The NDO Fairness Act would also compel federal prosecutors to provide courts with written justifications for seizing phone records
Sen. Mike Lee (R., Utah) is leading a legislative push to block federal prosecutors from seizing a citizen’s phone records without notifying the subject of an investigation unless a judge signs off on a warrant. The effort has earned support from congressional Democrats and the White House, suggesting it may pass after spending several years stuck in Congress.
Lee introduced the Non-Disclosure Orders (NDO) Fairness Act in response to the Biden administration’s 2022 Arctic Frost investigation, in which FBI and Justice Department officials seized the phone records of more than a dozen Republican lawmakers in a bid to charge President Donald Trump with having interfered with the 2020 presidential election. Efforts to prevent the federal government from once again seizing phone records without notifying the subject or obtaining a warrant picked up steam at the end of last year, when the Senate Judiciary Committee unveiled evidence that then-special counsel Jack Smith had targeted a group of GOP lawmakers and more than 400 Republican organizations and individuals.

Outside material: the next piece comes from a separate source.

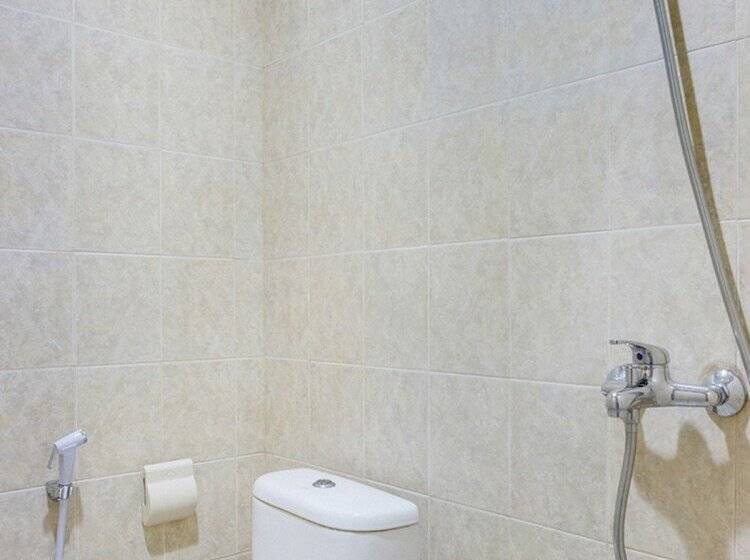 Мотель Spot On 2214 Wisma Jampea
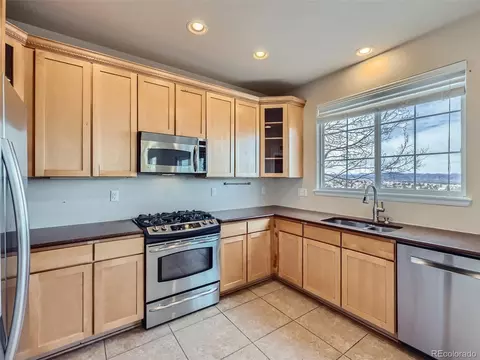 Kitchen - 2405 Broadleaf Loop, Castle Rock, CO 80109 photo 2 of 4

Lee’s NDO Fairness Act would neuter the federal government’s ability to clandestinely seize electronic information like emails and text messages using a gag order—the titular Non-Disclosure Order—that prohibits phone carriers from informing subjects that their private data had been accessed, ensuring that no future presidential administration can spy on political opponents.
“The government should not be able to hide domestic spying activities behind Non-Disclosure Orders, especially outrageous partisan abuses like Arctic Frost,” Lee told the Washington Free Beacon in a statement. “Any government search for personal digital information should meet established constitutional standards more closely aligned with the rules governing physical searches, where notice is typically required.”
In addition to limiting the use and duration of secrecy orders, the legislation would ensure that federal prosecutors provide the courts with written justifications for their actions. NDO requests would expire after 90 days, similar to physical search warrants, and allow phone providers to challenge the orders in court.
The Trump administration is “fully on board” with the bill because it does not “want a future Democratic Department of Justice led by [Minnesota attorney general] Keith Ellison to use NDOs to target Republicans,” an administration official told the Free Beacon. NDO reform efforts, the official added, have “always been close to passing but didn’t quite have enough momentum in prior Congresses. Now, it likely does with Arctic Frost.”
Lee’s bill is the Senate’s version of similar legislation that passed the House of Representatives in a bipartisan 2022 voice vote but failed to make its way through the upper chamber of Congress, which was then controlled by Democrats. This iteration counts Sen. Chris Coons (D., Del.) as a co-sponsor, and a second Trump administration official said bipartisan support for the bill provides a “rare opportunity” to remedy the problem.
“If Jack Smith can do it, the next one can do it, and that’s what we’re worried about,” that official told the Free Beacon.
House Judiciary Committee chair Jim Jordan (R., Ohio), who also chairs its Subcommittee on the Weaponization of the Federal Government, told the Free Beacon that Smith’s abuse of secret orders set a dangerous precedent that lawmakers from both parties are now trying to remedy.
“The NDO Fairness Act takes a critical step to rein in this surveillance overreach,” Jordan said. “It forces the government to justify how long the order can last and makes sure those affected are notified.”